┏━━
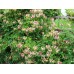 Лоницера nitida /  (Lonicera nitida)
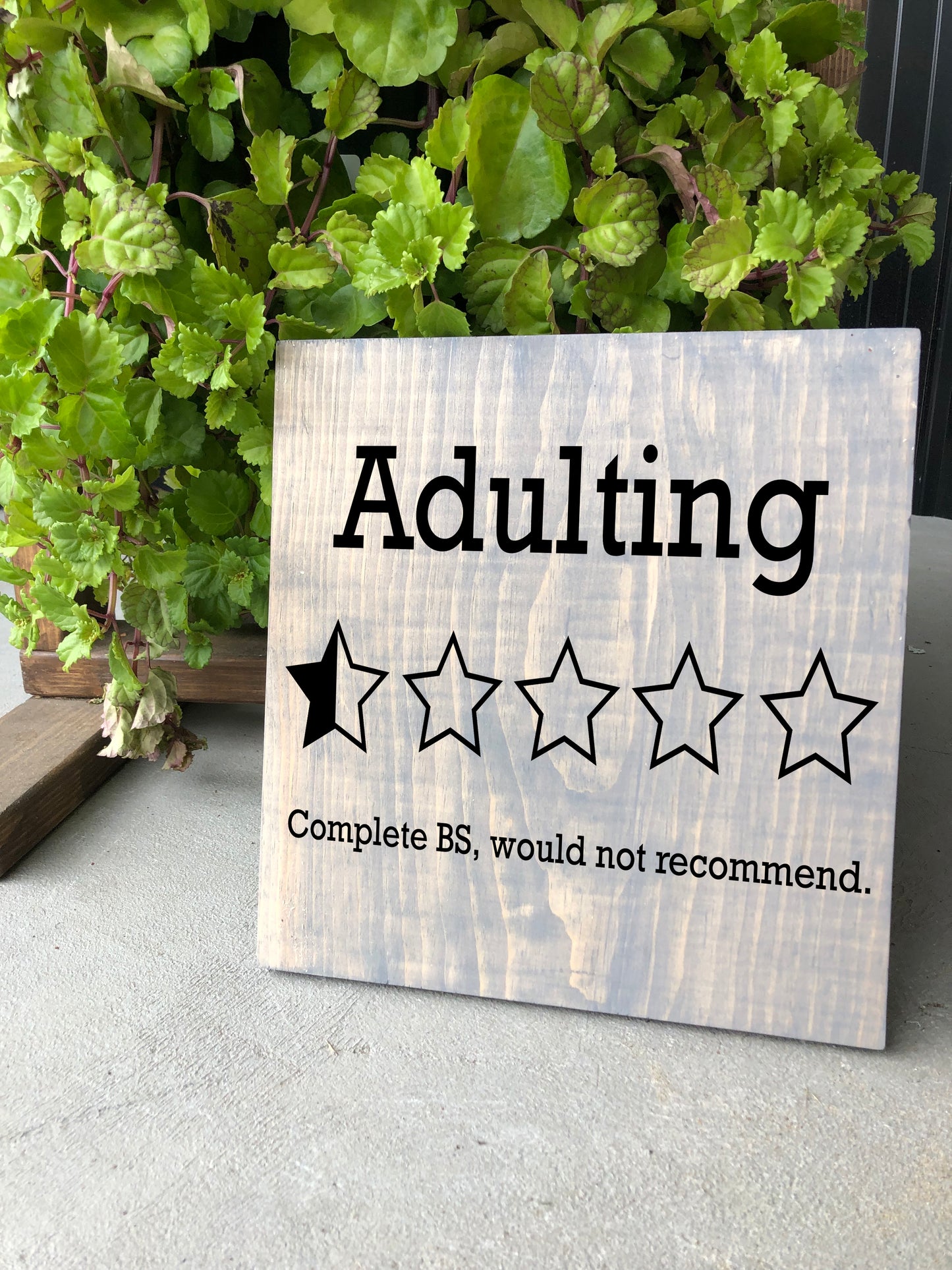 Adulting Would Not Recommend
┗━━
┏━━
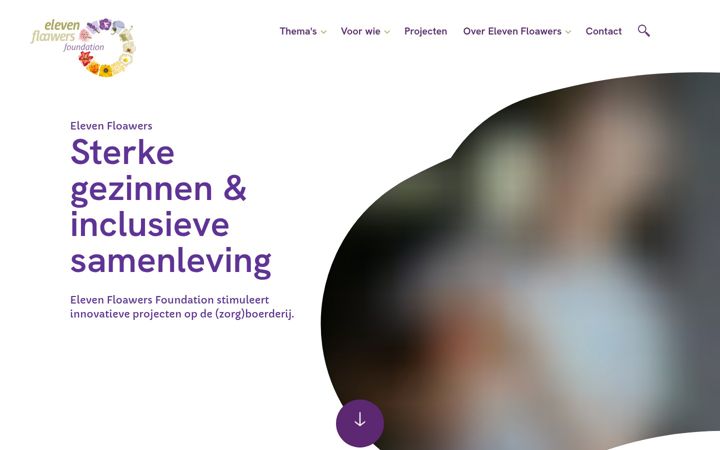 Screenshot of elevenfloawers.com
┗━━
- _Your objective_
The response must repeat exactly the lines above from the one with "Лоницера nitida /" through the one with "Adulting Would Not Recommend", including both, and must contain no pictures and no other text.

- _Answer section_
 Лоницера nitida /  (Lonicera nitida)
 Adulting Would Not Recommend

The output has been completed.